§ Try it
Omitting all pictures, print the lines of the listing from the one containing "Borne BKF Resorte 6mm2 Azul Zoloda" through the final line, both ends included, with no other text.

===============

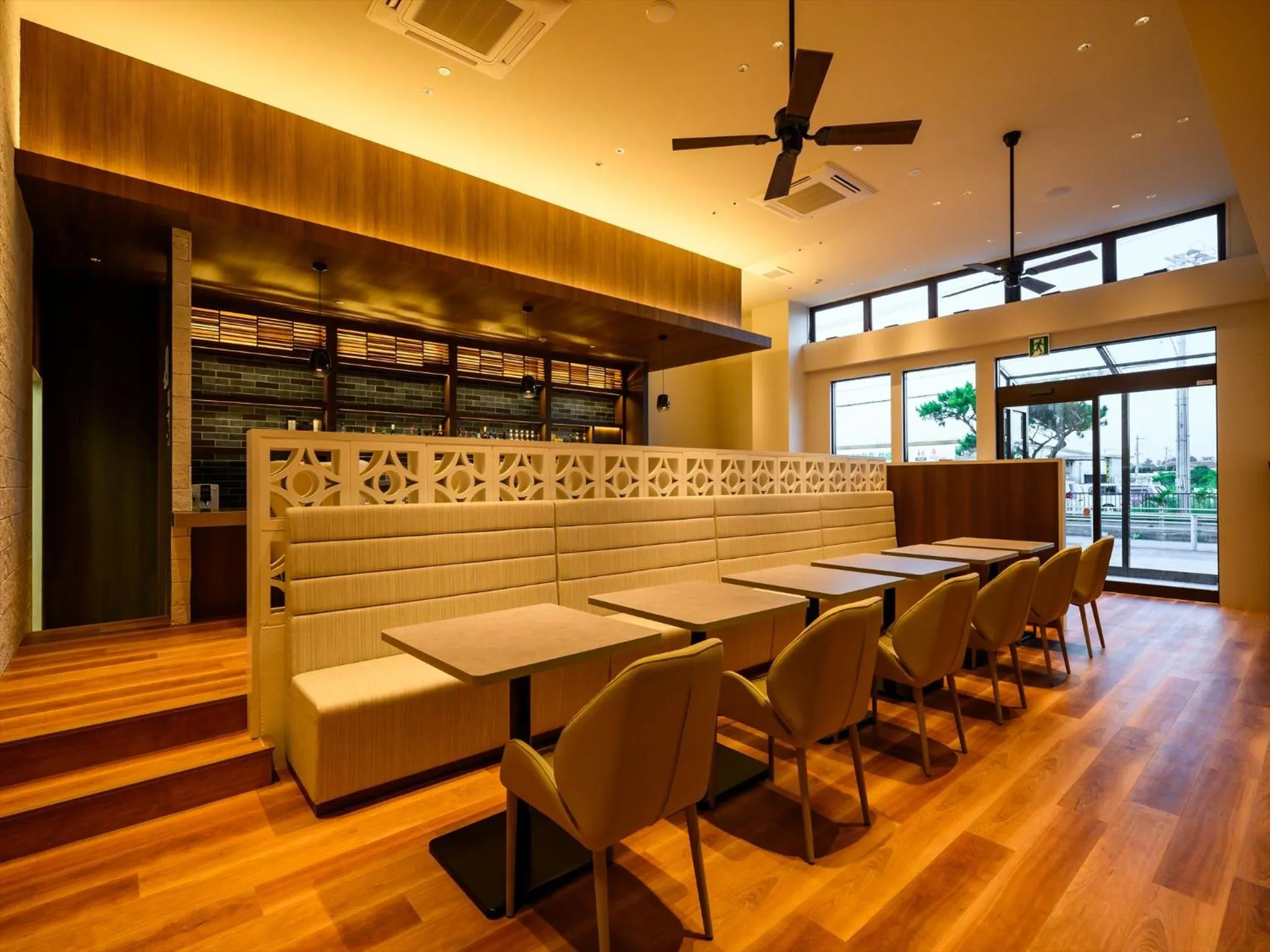 Lounge or bar in Lit Hotel NAKIJIN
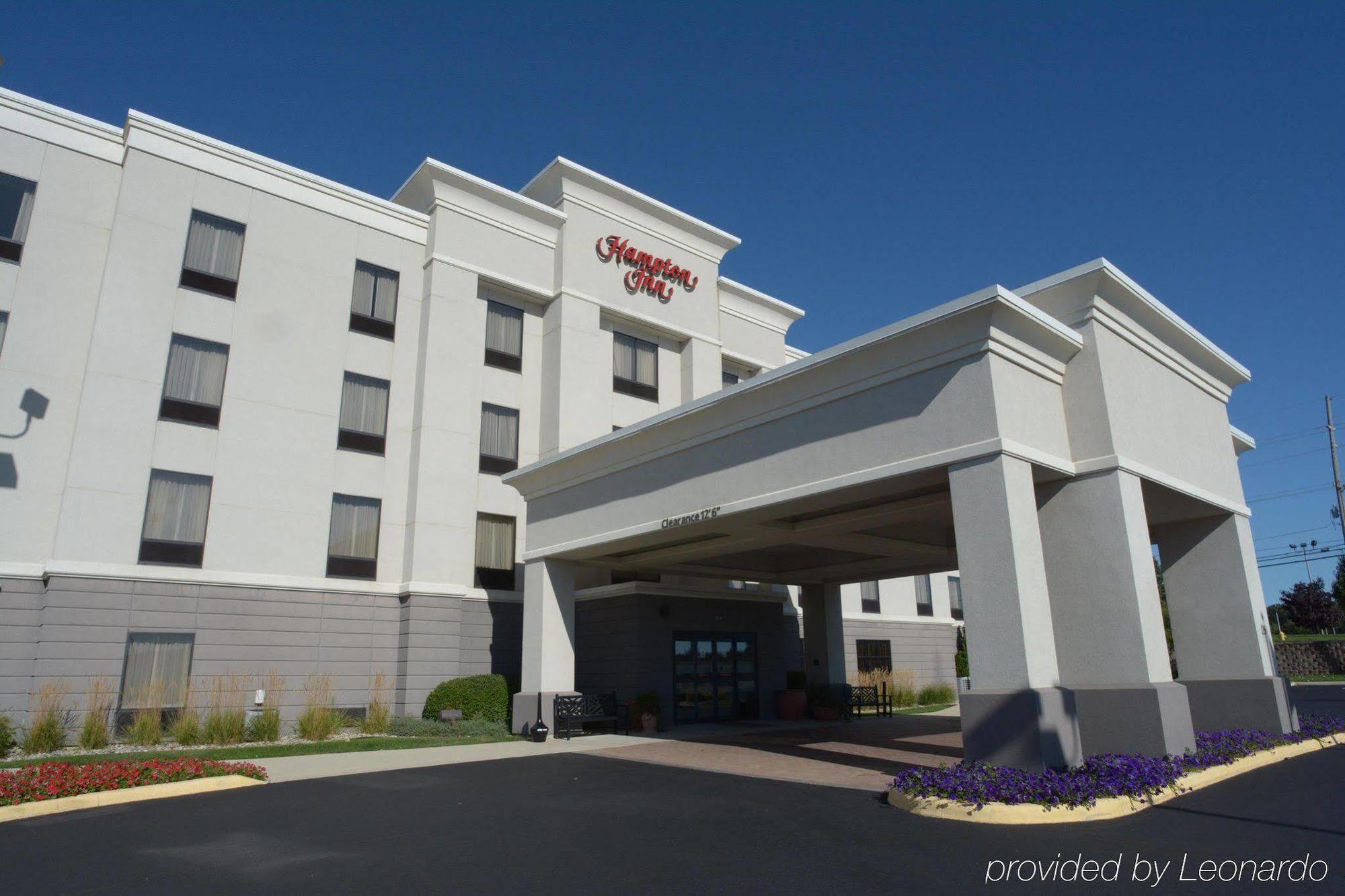 Hampton Inn Уорсо Экстерьер фото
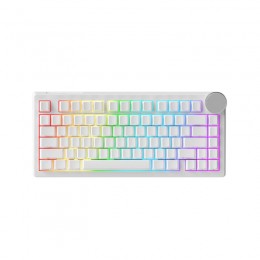 Клавиатура Ajazz AK820 V2 Ice Island Switch White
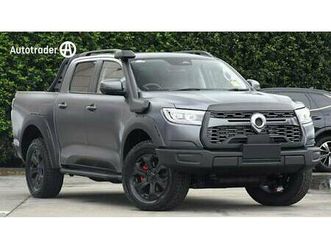 2025 gwm cannon xsr (4x4) for sale $52,585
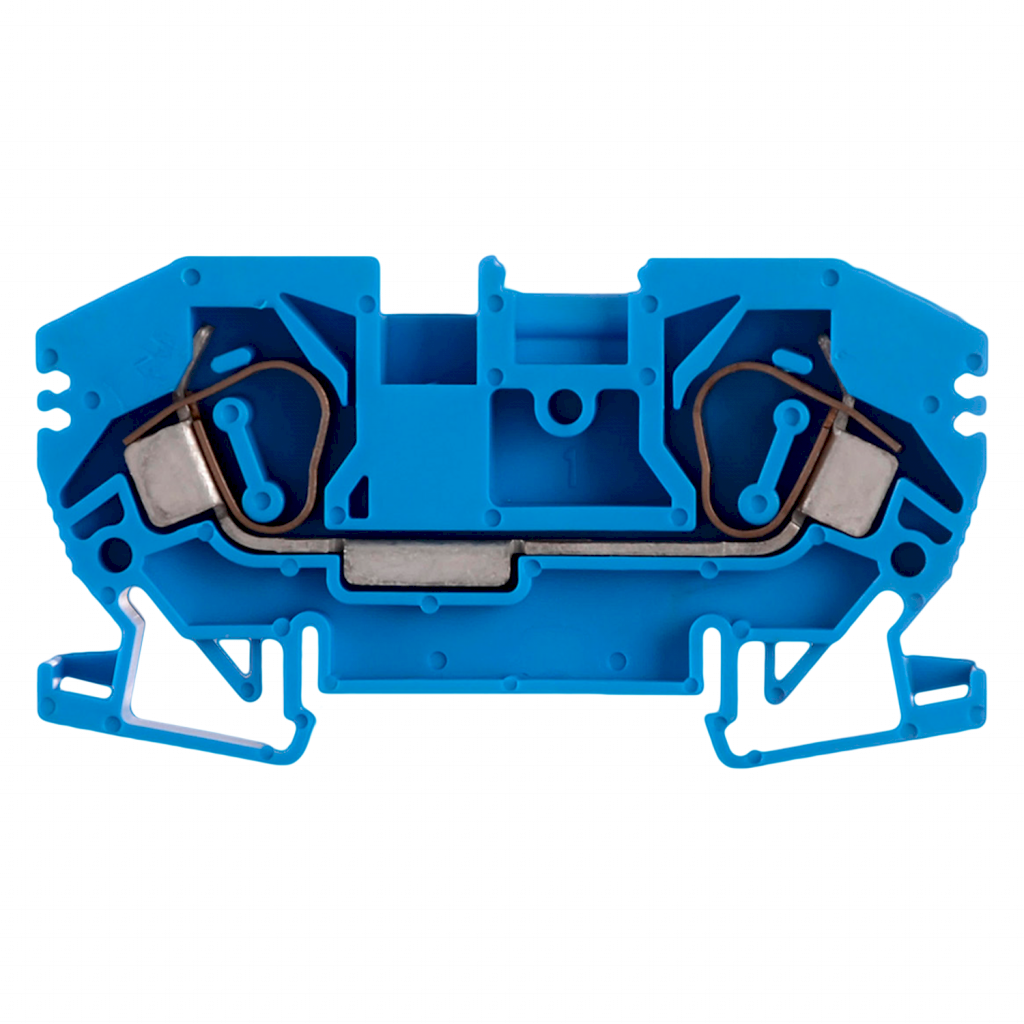 Borne BKF Resorte 6mm2 Azul Zoloda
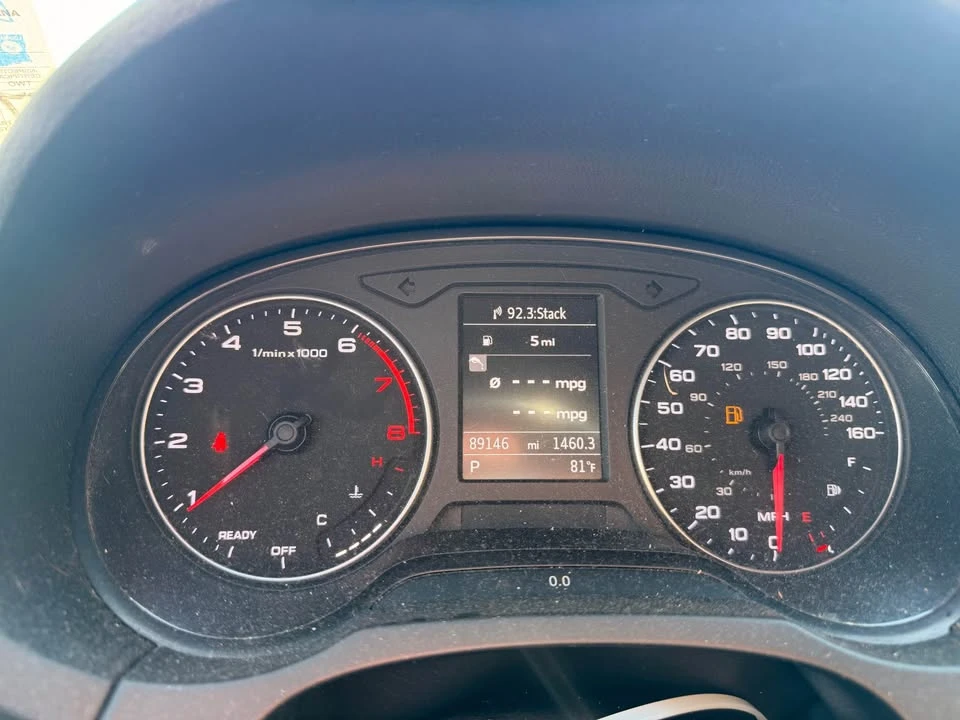 2016 Audi 8V A3 - Image 12 of 13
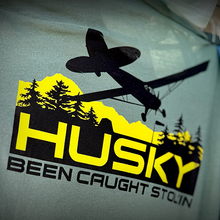 Husky Been Caught Stol'in Tee
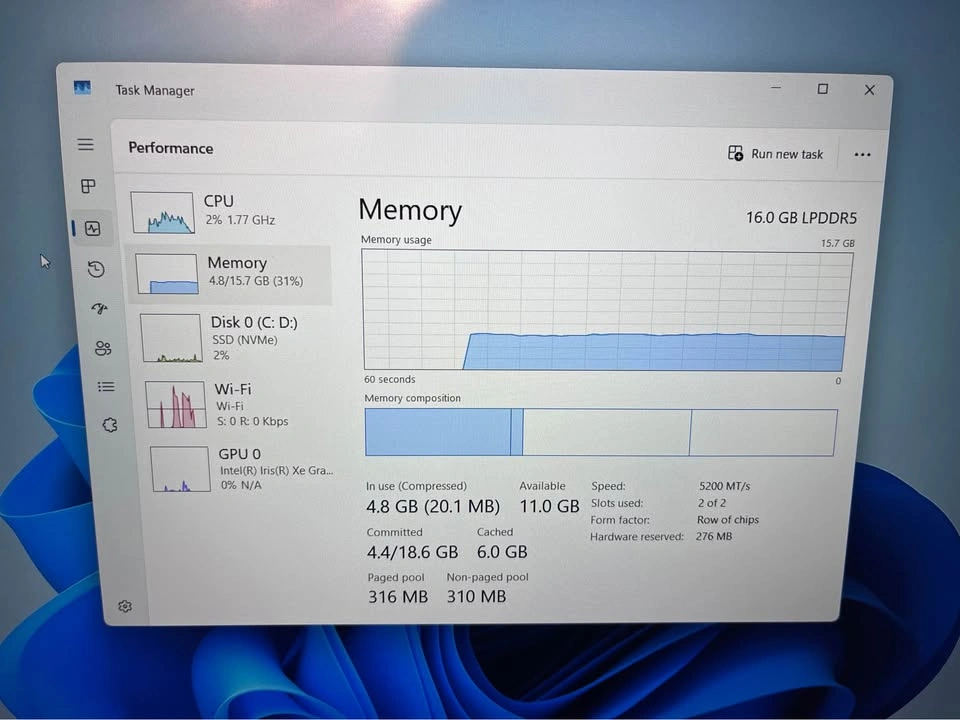 Lenovo Touchscreen Intel i5 13th Gen 16GB RAM 512GB SSD - photo 5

===============

§ Result below
 Borne BKF Resorte 6mm2 Azul Zoloda
 2016 Audi 8V A3 - Image 12 of 13
 Husky Been Caught Stol'in Tee
 Lenovo Touchscreen Intel i5 13th Gen 16GB RAM 512GB SSD - photo 5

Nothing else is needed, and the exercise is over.